Cantate Domino canticum novum[16]. C'était le chant inaugural de l'ère qui allait s'ouvrir. La pauvre humanité a besoin de se dire qu'elle entonne un cantique nouveau quand souvent elle ne fait que répéter les airs antiques. Jamais peuple autant que le peuple juif n'a vécu par l'espoir. Le judaïsme, le christianisme naissant sont les religions de l'espérance obstinée, persistant malgré toutes les apparences. Le retour de Babylone fut l'espérance poussée jusqu'à la folie, et cette fois encore il se trouva que la folie avait été bonne conseillère, du moins au point d e vue des intérêts généraux du monde. On peut dire que c'est ici, dans l'histoire du judaïsme, l'heure solennelle, l'heure qui décide de la vie et de la mort. Si le retour n'eût pas eu lieu, Juda aurait eu le sort d'Israël ; il se serait fondu en Orient ; le christianisme n'aurait pas existé ; les écrits hébreux se seraient perdus ; nous ne saurions rien de ces étranges histoires, qui sont notre charme et notre consolation. La petite troupe qui traversait le désert portait donc bien avec elle l'avenir ; elle fondait définitivement la religion de l'humanité.

 

FIN DU TROISIÈME VOLUME.

 

 

 



[1] Esdras, I, 1 et suiv., V, 13 et suiv. ; VI, 3 et suiv. (partie très faible). L'édit est calqué sur Deutéro-Isaïe, XLIV, 28.

[2] Esdras met quatre mois à faire le voyage. Esdras, VII, 9.

[3] Esdras, ch. I et V. M. Imbert (Muséon, janv. 1889, p. 64, note), a très bien vu que ששבצך, du livre d'Esdras peut être le שנאצך, fils de Joïakin, dans I Chron., III, 18. La paléographie confirme pleinement cette supposition : un même sigle pouvant donner נא ou שכ, dans les écritures des derniers siècles avant notre ère (voir les tableaux de M. Euting,). L'Αβασσάρος de Josèphe est sûrement le même personnage ; son nom sort bien de la forme ששבצך, qui est probablement la vraie. Comp. Esdras, II, 12, 15, variantes du Cod. Alex. L'identification de Zorobabel et de Seshassar est tout à fait impossible. Dans le document où il est question de Seshassar, il est question de Zorobabel comme d'un personnage différent (Esdras, V, 2).

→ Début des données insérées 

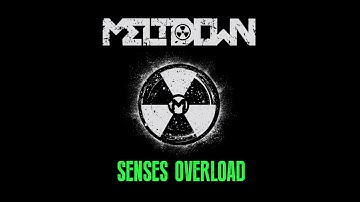 MELTDOWN - Senses Overload (official)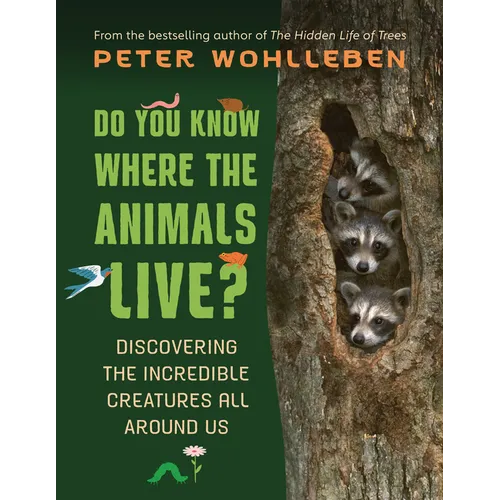 Do You Know Where the Animals Live?: Discovering the Incredible Creatures All Around Us - Paperback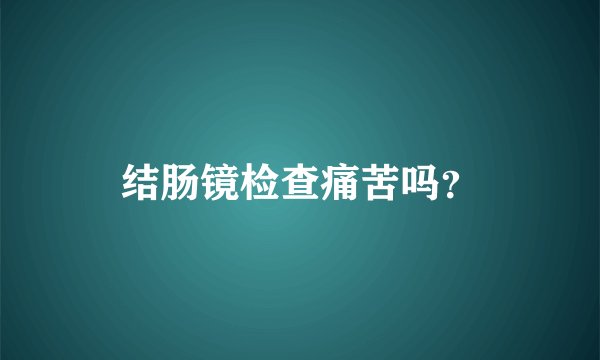 结肠镜检查痛苦吗？
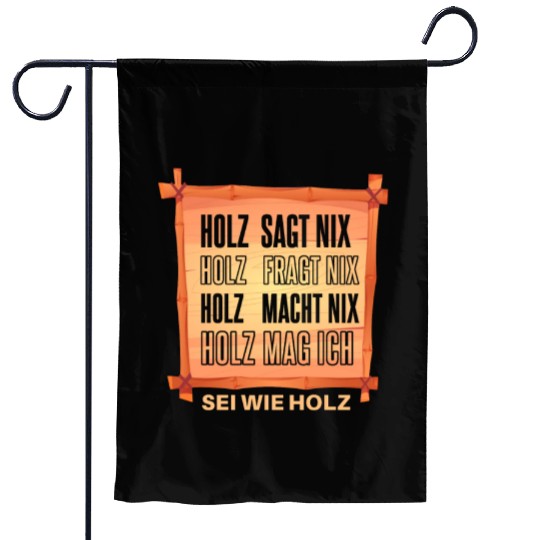 Funny lumberjack forest worker saying Garden Flags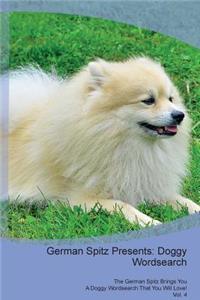 German Spitz Presents: Doggy Wordsearch the German Spitz Brings You a Doggy Wordsearch That You Will Love! Vol. 4: Doggy Wordsearch the German Spitz Brings You a Doggy Wordsearch That You Will Love! Vol. 4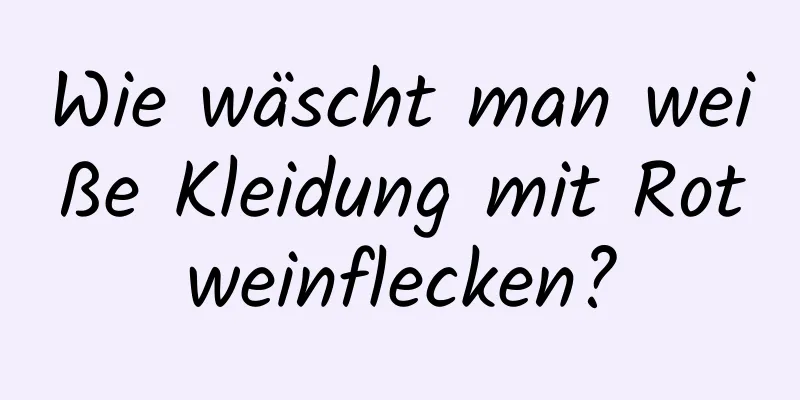 Wie wäscht man weiße Kleidung mit Rotweinflecken?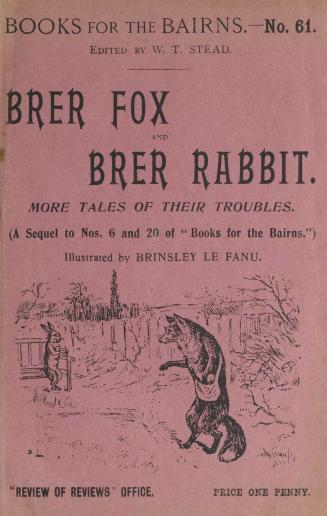 Brer Fox and Brer Rabbit : more tales of their troubles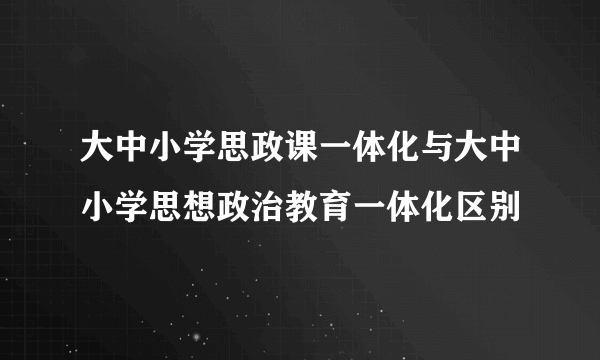 大中小学思政课一体化与大中小学思想政治教育一体化区别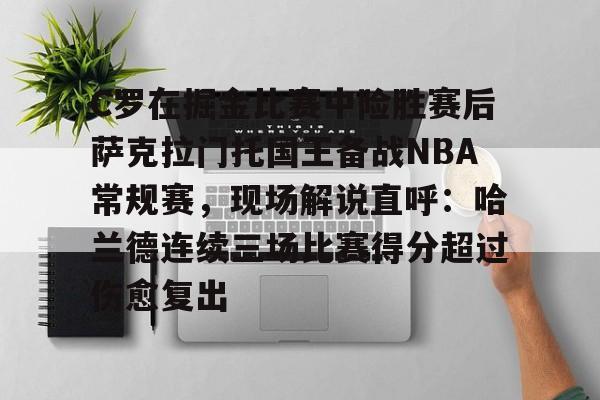 澳门新葡京官方网站-C罗在掘金比赛中险胜赛后萨克拉门托国王备战NBA常规赛，现场解说直呼：哈兰德连续三场比赛得分超过伤愈复出的简单介绍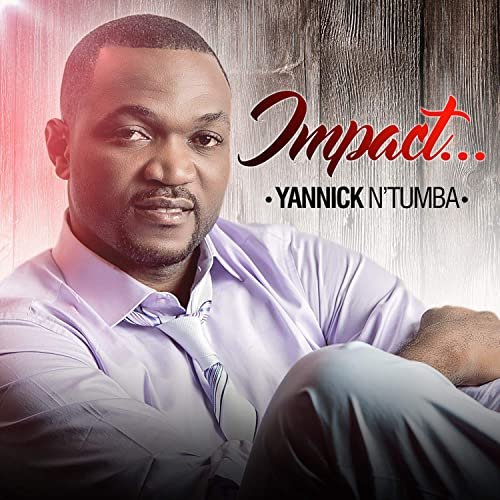 Impact by Yannick N'tumba | Album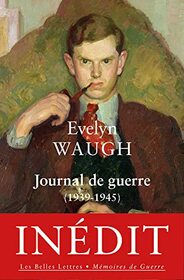 Journal de Guerre: (1939-1945) (Memoires de Guerre) (French Edition)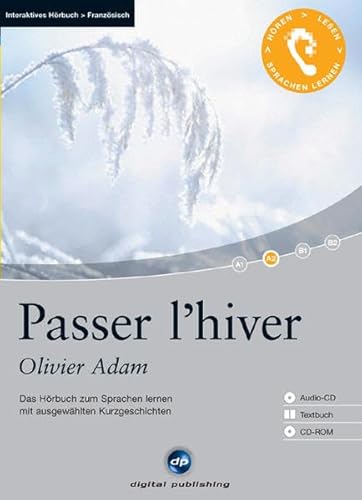 9783897478459: Passer l'hiver: Das Hrbuch zum Sprachen lernen mit ausgewhlten Kurzgeschichten. Niveau A2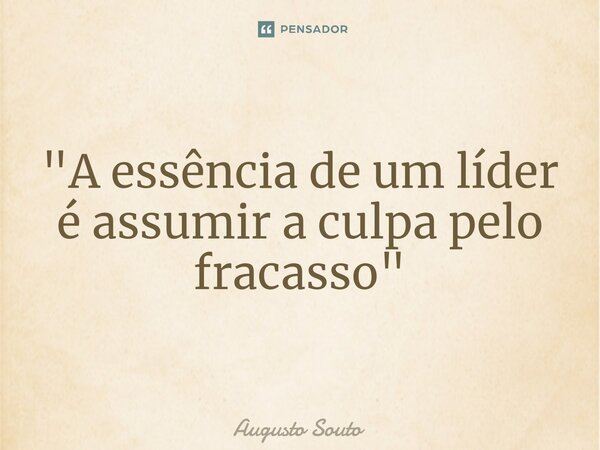 ⁠"A essência de um líder é assumir a culpa pelo fracasso"... Frase de Augusto Souto.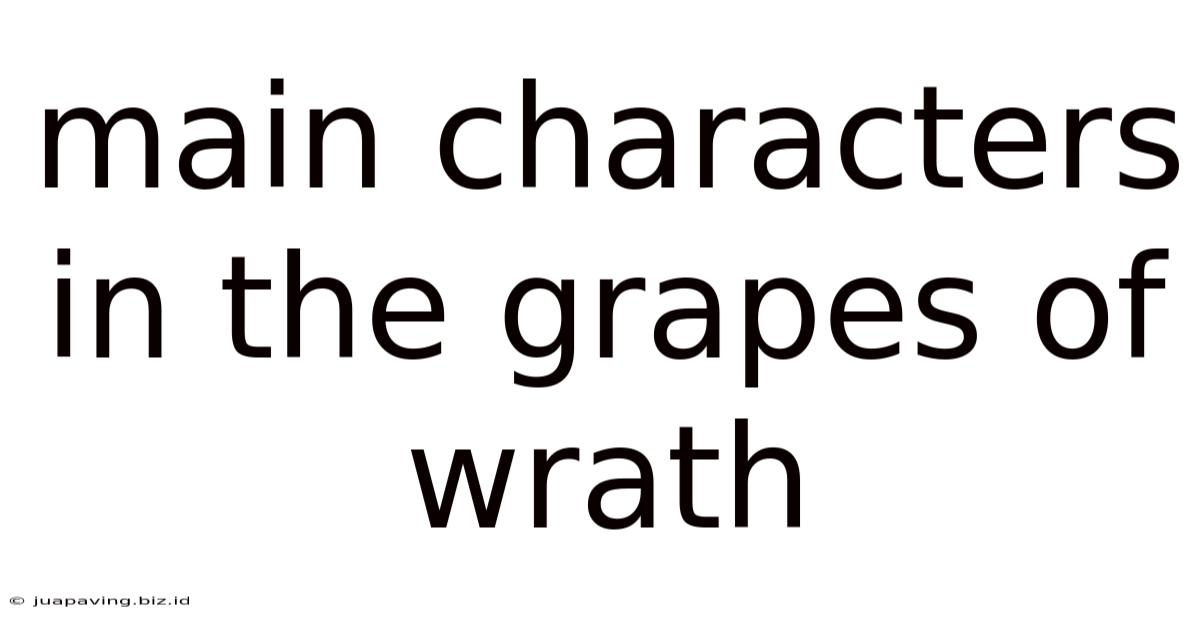 Main Characters In The Grapes Of Wrath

[4] Il est difficile de ne pas voir, dans les deux versions contradictoires conservées par le dernier rédacteur du livre d'Esdras, une trace de rivalité entre les deux traditions sur la priorité de l'œuvre de restauration.

[5] Les six premiers chapitres d'Esdras sont composés de deux documents, l'un sérieux, s'étendant de II, 1, à IV, 5, puis de VI, 13, à VI, 22 ; — l'autre, presque sans valeur et plein de correspondances apocryphes, comprenant le ch. I, et ensuite ce qui s'étend depuis IV, 6, jusqu'à VI, 12. Ces questions seront reprises dans notre t. IV.

[6] I Chron., III, 17-19, est sûrement troublé.

[7] I Chron., V, 41.

[8] Aggée, I, 1, 14 ; II, 2, 21. Peut-être n'eut-il ce titre que plus tard.

[9] Esdras, II, 63 ; Néhémie, VII, 65, 70.

[10] Les renseignements fournis par le livre d'Esdras (par exemple, II, 64) sont pleins d'exagérations ou défigurés par des fautes de copistes.

[11] Esdras, III, 12.

[12] Esdras, ch. II. Cette pièce fut reprise dans les mémoires de Néhémie (ch. VII). Elle se retrouve avec des variantes dans un autre document, Néhémie, ch. XII. Le total (Esdras, II, 64) et les chiffres partiels ne sont pas d'accord.

[13] Esdras, II, 59-60.

[14] Probablement après la réorganisation du culte.

[15] Esdras, II, 65.

[16] Isaïe, XLII, 10. Les joachimites, les sectes de l'Évangile éternel vécurent du susurras intérieur de ce verset, qui sert de début à plusieurs psaumes composés après le retour.